La circolare Assonime passa poi a esaminare il tema delle perdite che, a causa dell'epidemia, matureranno nel 2021 e negli esercizi successivi, al cospetto del dettato normativo che si riferisce testualmente alle «perdite emerse nell'esercizio in corso alla data del 31 dicembre 2020».

Il dato testuale, di primo acchito, indurrebbe a ritenere, in effetti, che l'incremento del deficit patrimoniale, rispetto alla perdita rilevata nell'esercizio in corso al 31 dicembre 2020, dovrebbe essere trattato come una perdita autonoma, con la conseguente meccanica applicazione dei provvedimenti di osservazione e di ripianamento dettati dagli articoli 2446 e 2447 del Codice civile, senza quindi beneficiare di alcun posticipo al 2026.

Assonime però sposa un altro orientamento e cioè sostiene che anche l'eventuale incremento delle perdite negli esercizi successivi al 2020 risulterebbe assorbito dalla disciplina di posticipazione delle misure di riduzione e ricapitalizzazione dettata dall'articolo 6,del Dl 23/2020, determinando l'attivazione dei rimedi a tutela del capitale soltanto alla chiusura del quinto esercizio successivo all'esercizio.

A sostegno di questa visione vi è l'idea che la norma in commento, se pure si riferisce alle società che presentino una perdita rilevante per l'esercizio in corso al 31 dicembre 2020, intende attribuire a tali società un idoneo periodo temporale per uscire dallo stato di difficoltà in cui si trovano nel 2020.
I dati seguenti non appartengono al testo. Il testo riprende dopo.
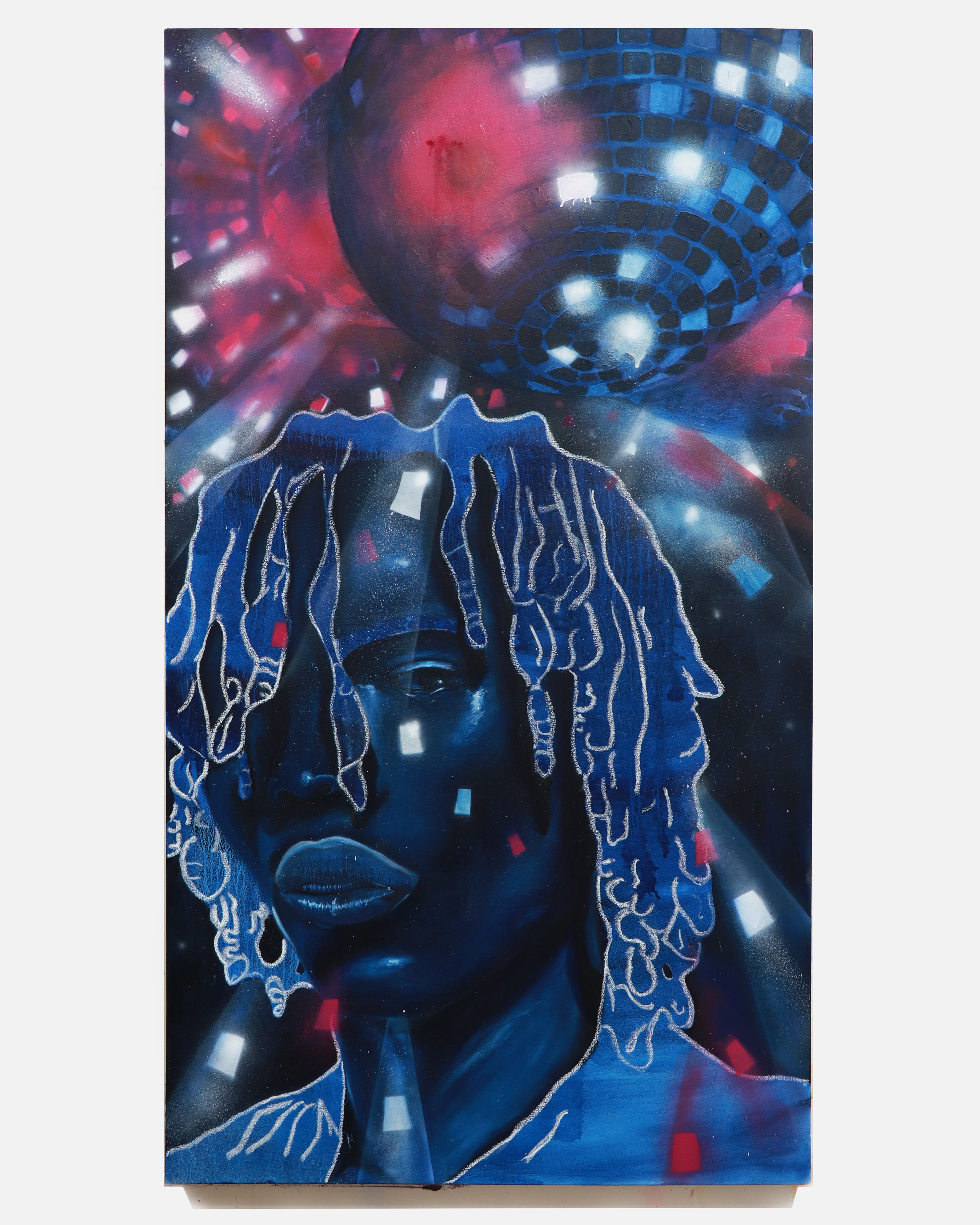 wallpaper editors picks of the week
In altre parole, le società che si trovano in questa condizione sarebbero immesse in una sorta di percorso speciale e le eventuali perdite successive al 2020, che potrebbero essere fisiologiche anche in un percorso gestionale di recupero della redditività, non dovrebbero avere un autonomo rilievo, pena il venir meno della logica di aiuto che costituisce la “filosofia” di questa disciplina emergenziale.